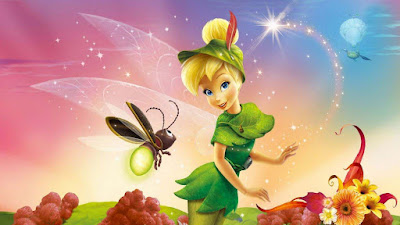 cute-fairy-in-green-clothies-made-from-leaves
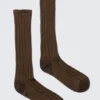 Mittelhohe Socken mit grober Rippenstrickung – Dunkelbraun meliert Mittelhohe Socken mit grober Rippenstrickung – Dunkelbraun meliert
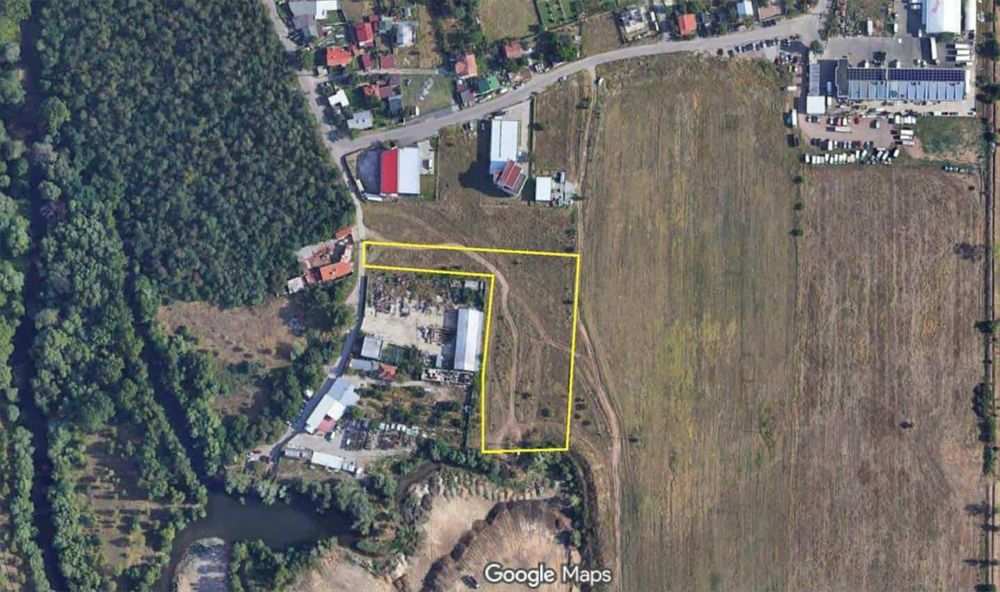 Парцел в Регулация, Враждебна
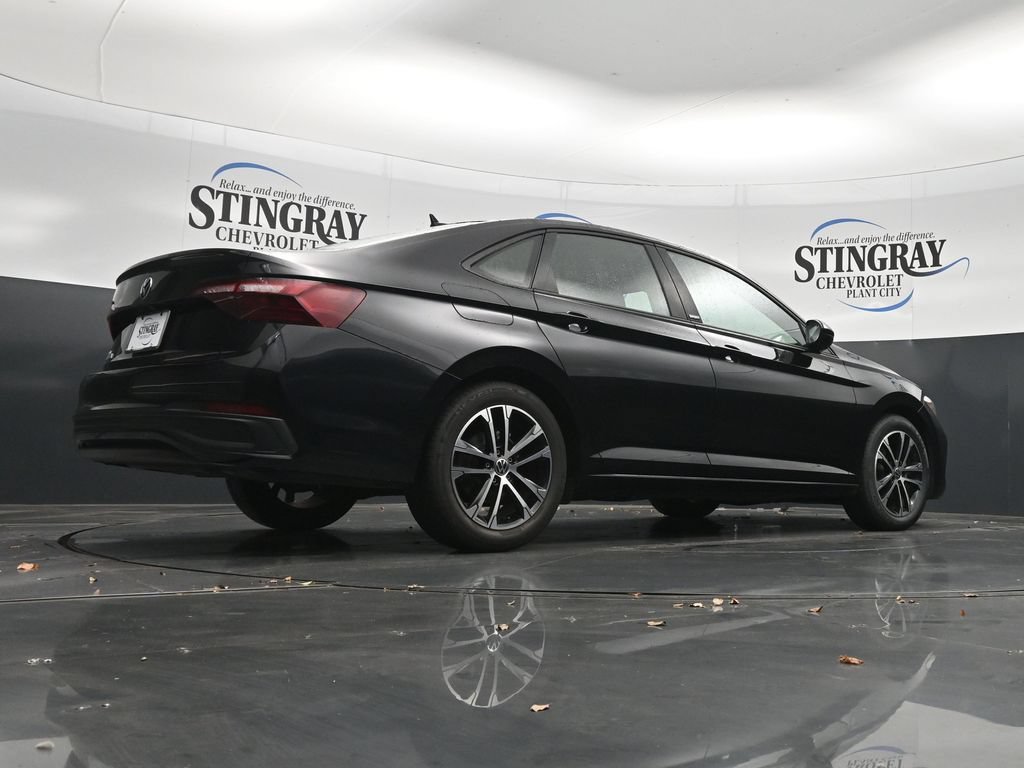 Used 2023 Volkswagen Jetta Sport FWD image 32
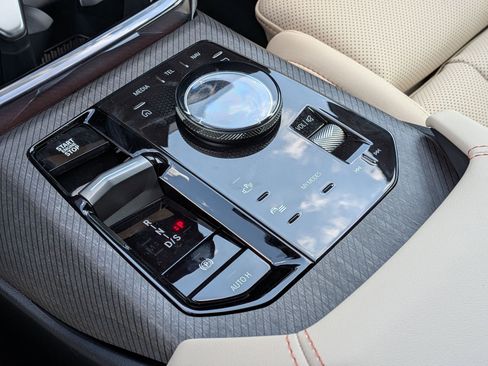 New 2026 BMW X3 xDrive30 w/ Premium Package AWD/4WD image 24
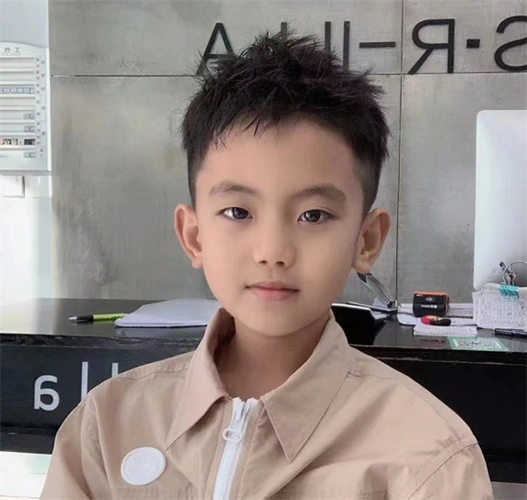 帅气小男孩短发 清爽绅士又时髦_儿童发型 - 美发站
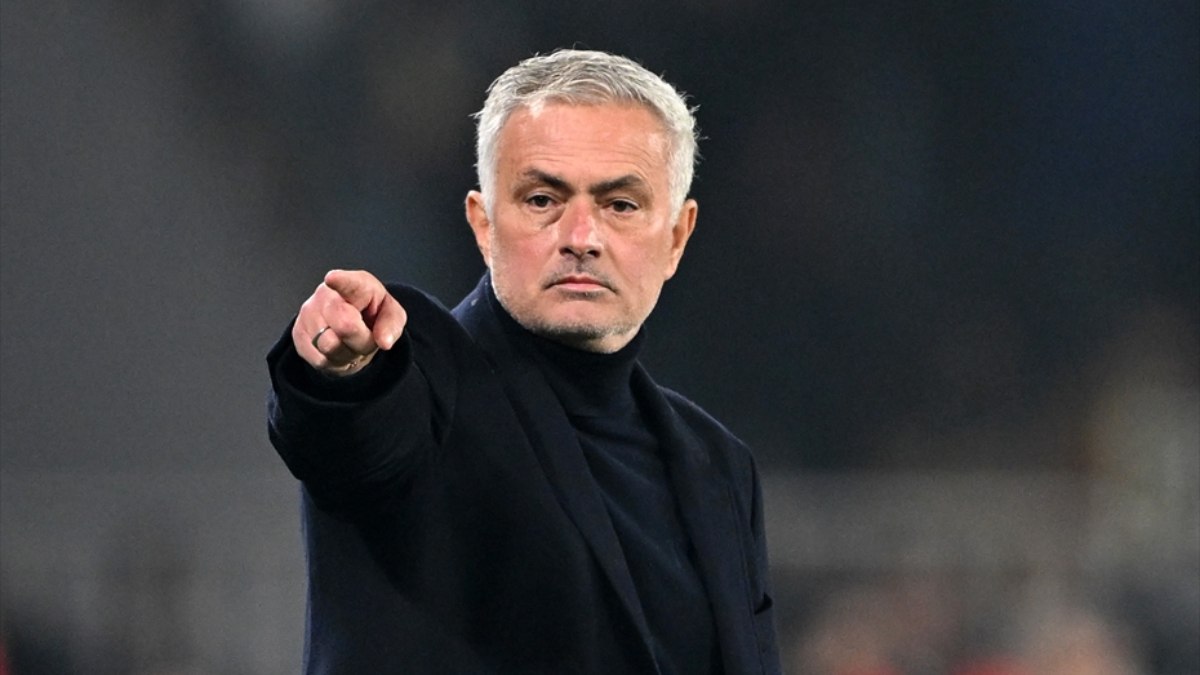 Fenerbahçe, Jose Mourinho'nun doğum gününü kutladı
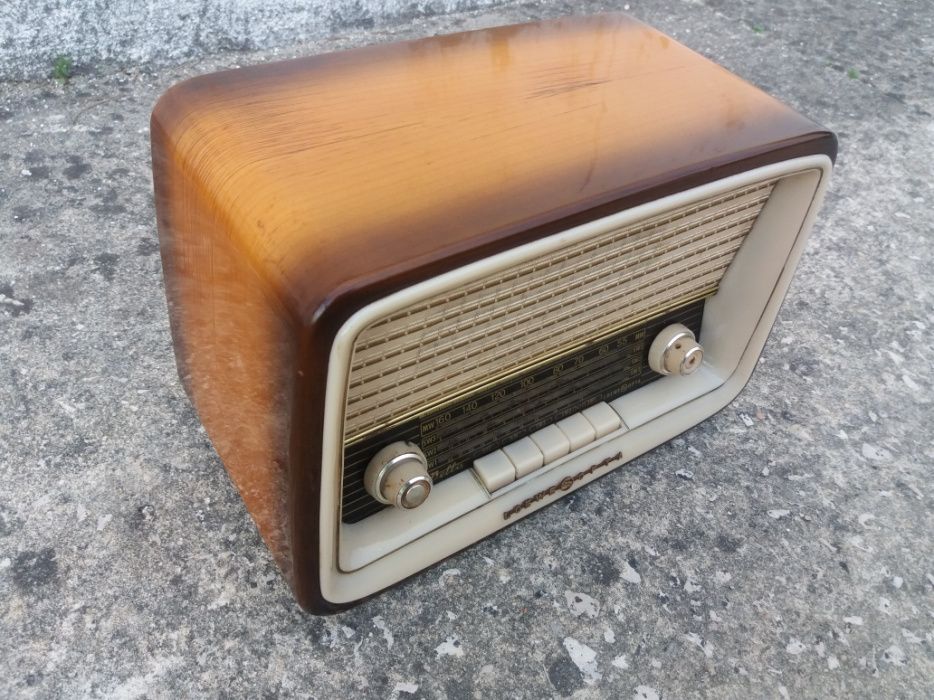 Rádio antigo/vintage válvulas
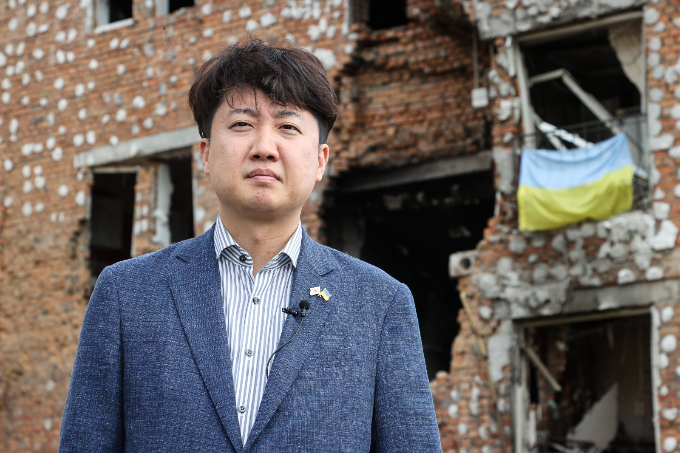 이준석 전 국민의힘 대표가 윤석열 대통령이 기시다 후미오 일본 총리에게 외교적 선수를 뺏겼다고 비판했다. 사진은 지난해 6월5일(현지시각) 우크라이나 이르핀 지역 현장을 둘러본 후 발언하는 이 전 대표. /사진=국민의힘 제공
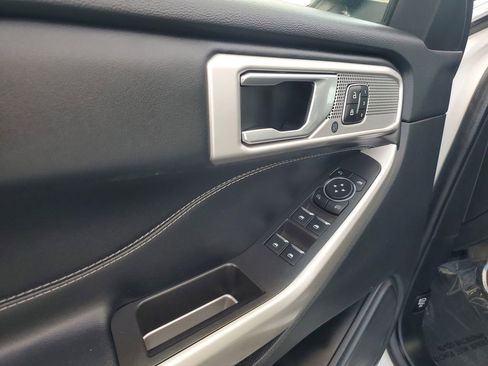 Used 2023 Ford Explorer Limited w/ Equipment Group 301A image 7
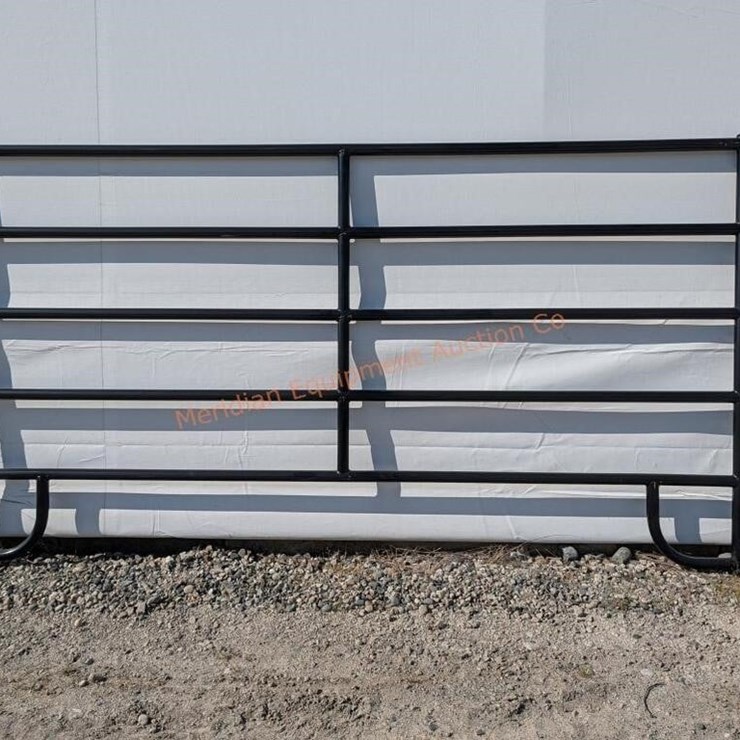 9.5 x 5' MD Cattle Panel New Bid $ X 4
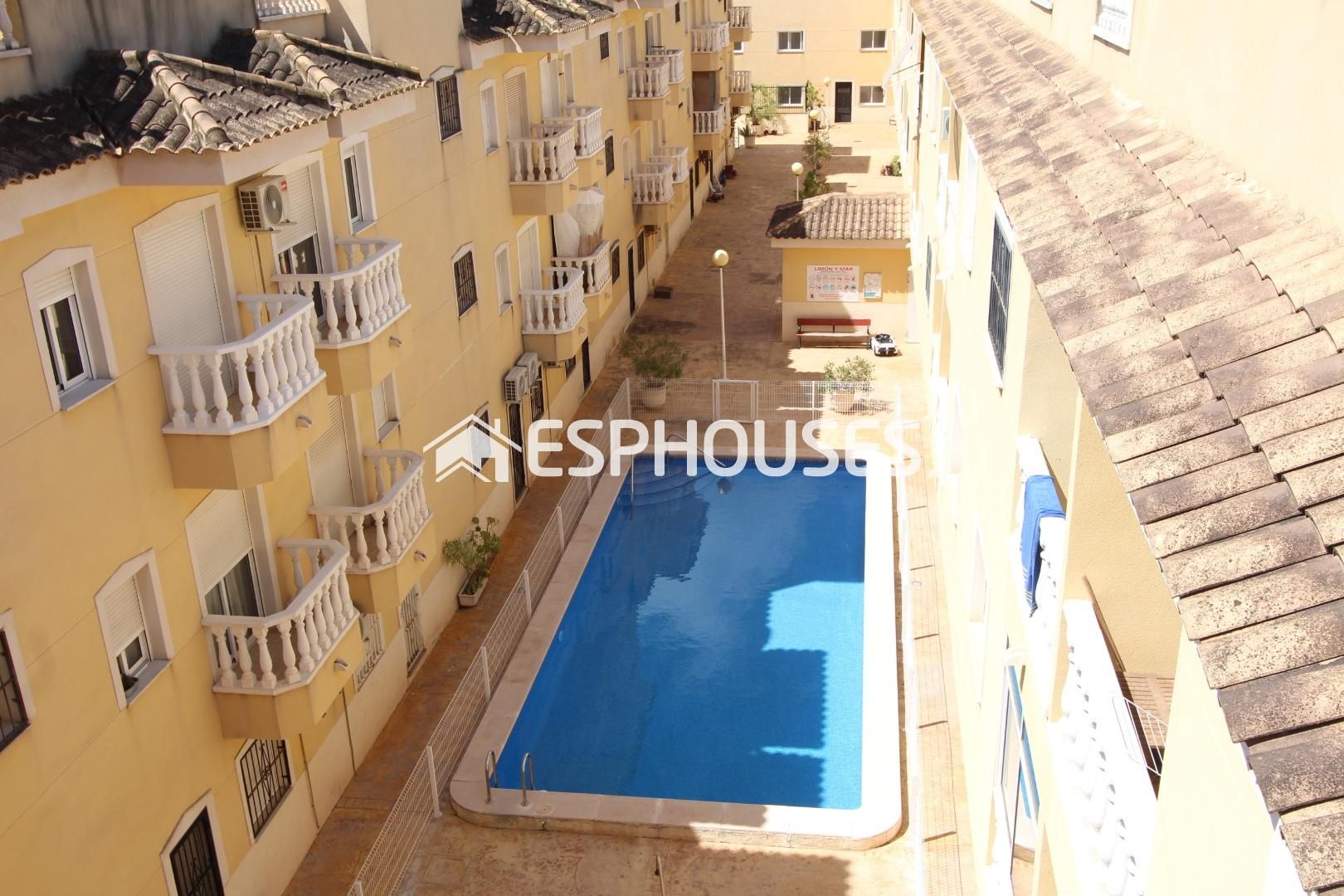 Vista exterior de Apartament en venda en Formentera del Segura amb Aire condicionat, Terrassa i Moblat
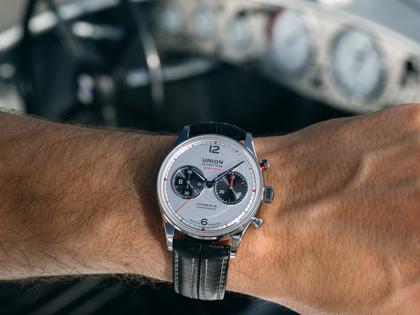 Union Glashütte Noramis Chronograph Sachsen Classic 2025 Limited Edition Automatik Edelstahl 42mm silberfarbenes Zifferblatt schwarzes Lederband – Herrenuhren Chronograph aus Edelstahl und Leder. Das Gehäuse ist rund und silber. Das Lederarmband ist schwarz. Das Zifferblatt ist arabisch Index und silber. – Ansicht 9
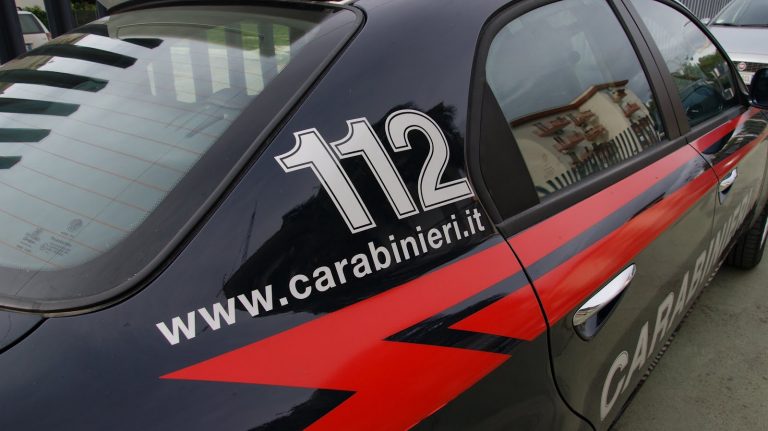 Ubriaco e sotto l’effetto di droga, finisce fuori strada: nei guai un 45enne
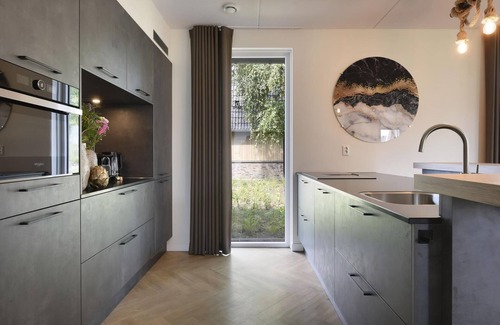 Leuken House | Extra luxury 8-person wellnessvilla in the holiday park Landal Marina Resort Well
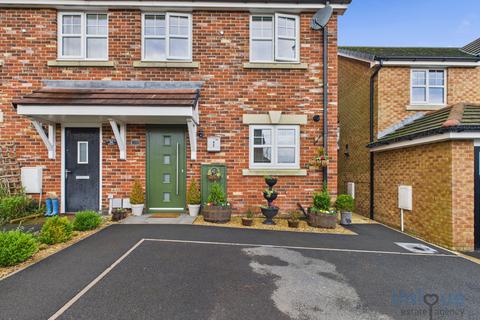 3 bedroom semi-detached house for sale, Sand Martin Avenue, Wesham PR4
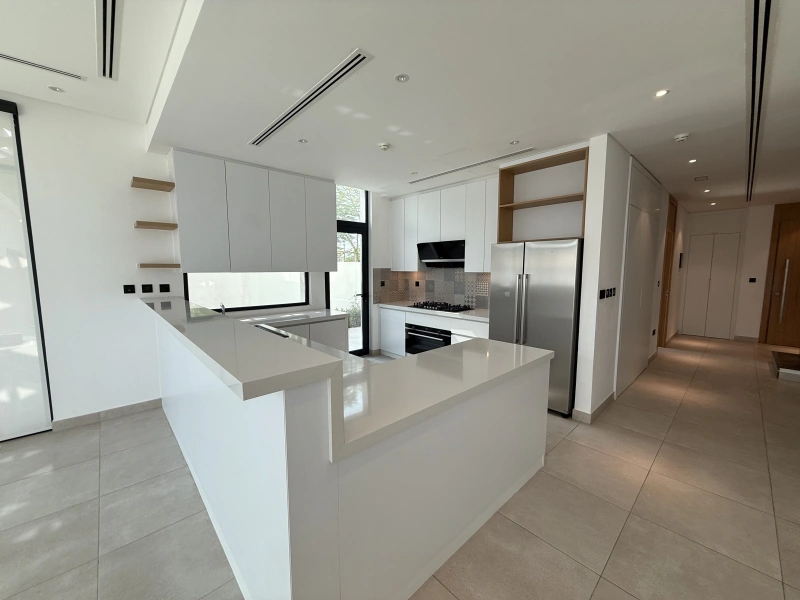 Luxuriöse 4-Zimmer-Villa mit privatem Pool in Jumeirah Golf Estate. Pure Eleganz erwartet dich!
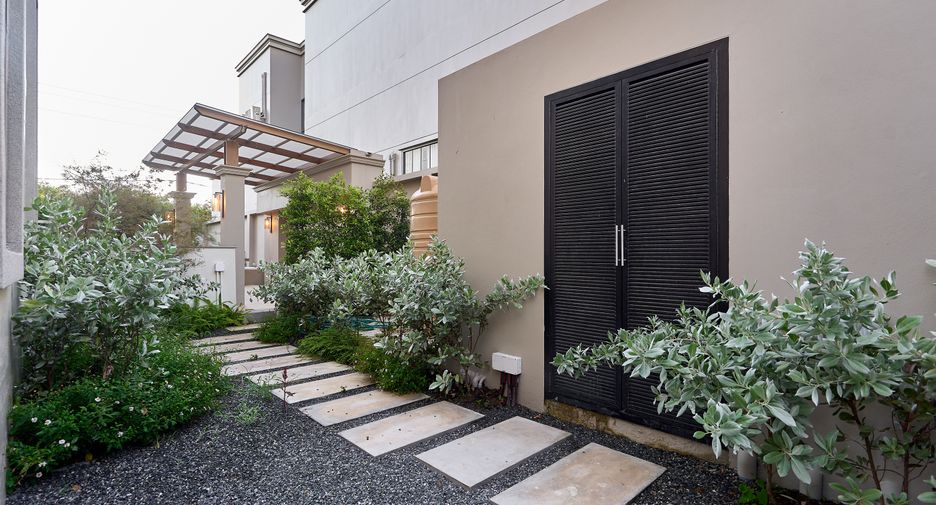 For sale 4 bedrooms villa in Hang Dong, Chiang Mai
::::
#### WORK REQUIRED:
Starting at the first line of the records above, set down each line exactly through the one that holds "Fenerbahçe, Jose Mourinho'nun". Omit pictures.

#### THE COMPLETED TASK:
 cute-fairy-in-green-clothies-made-from-leaves
 Mittelhohe Socken mit grober Rippenstrickung – Dunkelbraun meliert Mittelhohe Socken mit grober Rippenstrickung – Dunkelbraun meliert
 Парцел в Регулация, Враждебна
 Used 2023 Volkswagen Jetta Sport FWD image 32
 New 2026 BMW X3 xDrive30 w/ Premium Package AWD/4WD image 24
 帅气小男孩短发 清爽绅士又时髦_儿童发型 - 美发站
 Fenerbahçe, Jose Mourinho'nun doğum gününü kutladı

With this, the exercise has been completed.